La future LGV. © Alstom

Alors que des opposants réclament l'arrêt de travaux près de Bordeaux pour la LGV du Sud-Ouest, sur le chantier déjà arrêté de l'A69, le ministre des Transports est "déterminé" à ce qu'il soit "mené à bien".




Les opposants à la LGV (Ligne à Grande Vitesse) du Sud-Ouest ont demandé en référé la suspension d'un chantier pour cause d'"atteintes irréversibles" à l'environnement, une interruption dont le coût dépasserait 120 millions d'euros selon SNCF Réseau, qui espère poursuivre les travaux.

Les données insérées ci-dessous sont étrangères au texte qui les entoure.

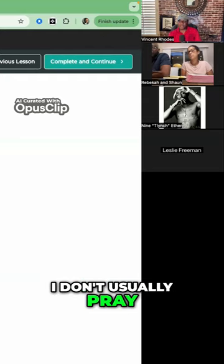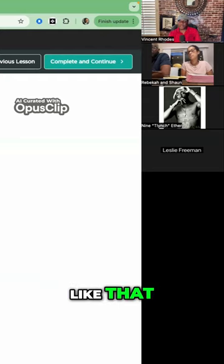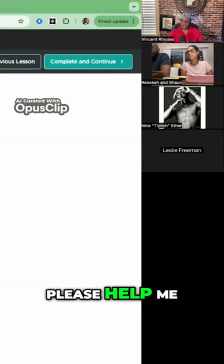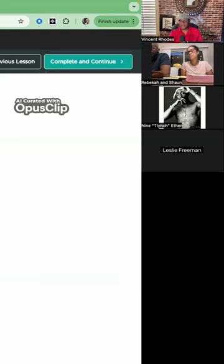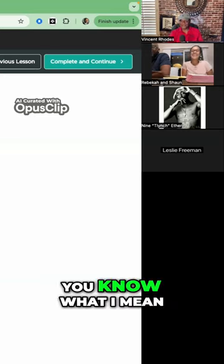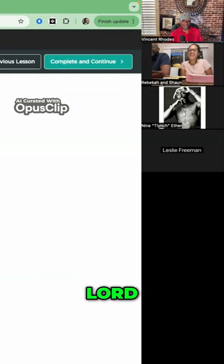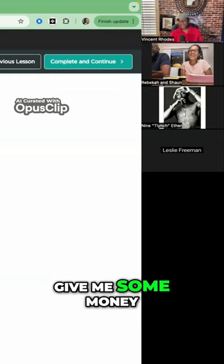Now, I don't usually pray like that. If I'm sick, I'm like, God, please help me. You know what I mean? If I'm broke, Lord, give me some money.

Ont-ils été inspirés par l'effet chantier arrêté de l'A69 ?

 

 

 

La LGV, un investissement pour le siècle ?

Plusieurs associations environnementales ont contesté devant la juge des référés du tribunal administratif de Bordeaux l'autorisation préfectorale délivrée pour des aménagements ferroviaires au sud de Bordeaux (AFSB), préalables au chantier de LGV Bordeaux-Toulouse et Bordeaux-Dax

D'un coût évalué en 2020 à 14 milliards d'euros, la LGV Sud-Ouest doit relier, en 2032, Toulouse à Paris en 3H10, gagnant une heure sur l'itinéraire actuel. Un embranchement doit rallier Dax à Bordeaux en 20 minutes de moins et, un jour, permettre des liaisons directes avec l'Espagne. Pour ses promoteurs, dont les présidents de région socialistes Alain Rousset (Nouvelle-Aquitaine) et Carole Delga (Occitanie), cet "investissement pour le siècle" permettrait de "sortir" de la route les 10 000 camions qui remontent chaque jour d'Espagne, en libérant les lignes existantes pour le fret.

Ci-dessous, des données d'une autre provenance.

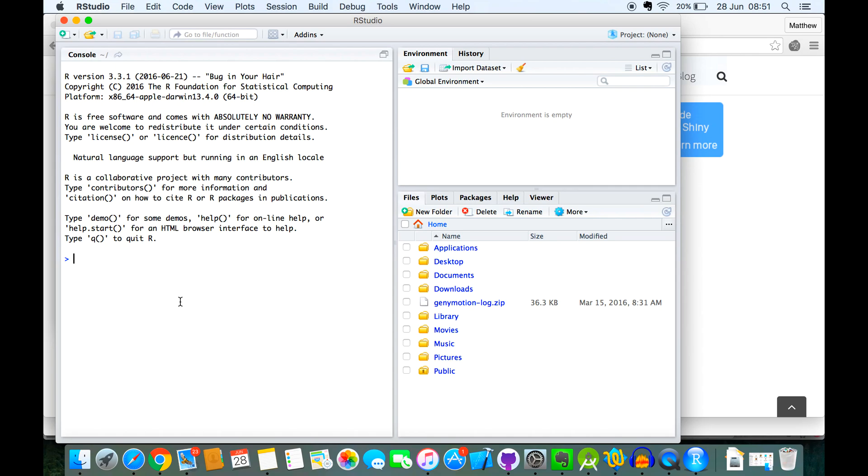I can test if it's working or not just by doing some simple maths. So that's working.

Les opposants (élus locaux, habitants, sylviculteurs ou viticulteurs) dénoncent un projet "mortifère" pour l'environnement et réclament la rénovation des lignes existantes.

Pointant des "atteintes imminentes et irréversibles sur l'environnement", ces associations ont dénoncé un "morcellement de l'habitat" du vison d'Europe, espèce protégée. "C'est une infrastructure existante, qu'on élargit. Sur la fragmentation, l'argumentation est difficile à comprendre", a répliqué Me Pascale Pessoa, avocate de SNCF Réseau. "Les impacts sont maîtrisés", a abondé la représentante de la préfecture, soulignant "l'intérêt public du projet" pour décarboner les transports et aménager le territoire. SNCF Réseau a assuré qu'un décalage des travaux de 12 à 18 mois entraînerait un surcoût de 120 à 160 M EUR et un report de deux à trois ans du projet. 

"Cette suspension va entraîner des pertes, mais vaut-il mieux couper le bras maintenant ou le corps entier dans quelques mois en cas d'annulation sur le fond ?", a lancé Me Caroline Facelina-Tabard, l'une des avocates des associations. Elle a évoqué "l'arrêt trop tardif des travaux sur l'A69", projet stoppé par la justice administrative fin février, avant d'énoncer plusieurs chiffres sur le "traumatisme" de ce chantier autoroutier Toulouse-Castres. "On n'est pas du tout dans cette affaire, peut-on revenir au dossier ?", est intervenue la présidente.

 

 

 

Pendant ce temps, sur le chantier arrêté de l'A69...

"Je pense qu'il faut aller au bout de ce projet, je suis déterminé à ce qu'on puisse le mener à bien et j'espère que la justice nous donnera raison parce que je pense qu'on a raison", a déclaré le ministre Philippe Tabarot, en compagnie d'élus locaux et de responsables de l'autoroute, sur un viaduc du chantier aux abords de Castres, ville d'arrivée de ce qui doit être la future A69 la reliant à Toulouse. 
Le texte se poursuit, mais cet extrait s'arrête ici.